Projectile Envelope - Alternative Derivation? (see Desmos implementation here)

Consider a projectile $$P$$ launched from the origin at launch velocity $$v$$ and launch angle $$\alpha$$. It can be shown easily that the envelope of projectile trajectories for different values of $$\alpha$$ is given by $$y=h-\frac {x^2}{4h}$$ where $$h=\frac {v^2}{2g}$$. The envelope is a parabola with axes intercepts $$(\pm 2h, 0)$$ and $$(0,h)$$.

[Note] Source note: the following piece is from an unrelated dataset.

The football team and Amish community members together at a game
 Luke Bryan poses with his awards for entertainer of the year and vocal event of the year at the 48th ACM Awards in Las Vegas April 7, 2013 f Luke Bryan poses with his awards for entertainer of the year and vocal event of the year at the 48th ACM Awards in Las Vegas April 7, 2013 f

Consider a projectile $$Q$$ launched from $$(-2h, 0)$$ at launch velocity $$V=v\sqrt2$$ and launch angle $$\frac {\pi}4$$ concurrently with projectile $$P$$. It can be easily shown that the trajectory of this projectile is the same as the envelope of projectile $$P$$.

Without first working out the algebra, can we come to the conclusions above, and in particular, that this requires $$V=v\sqrt2$$?

Also, projectile $$Q$$ reaches $$(h,0)$$ at the same time as projectile $$P^*$$ (projectile $$P$$ with launch angle $$\frac {\pi}2$$), and $$(2h,0)$$ at the same time when projectile $$P^*$$ reaches $$(0,0)$$ again.

Can this fact be used to conclude that projectile $$Q$$ (with specified parameters) traces out the envelope for projectile $$P$$?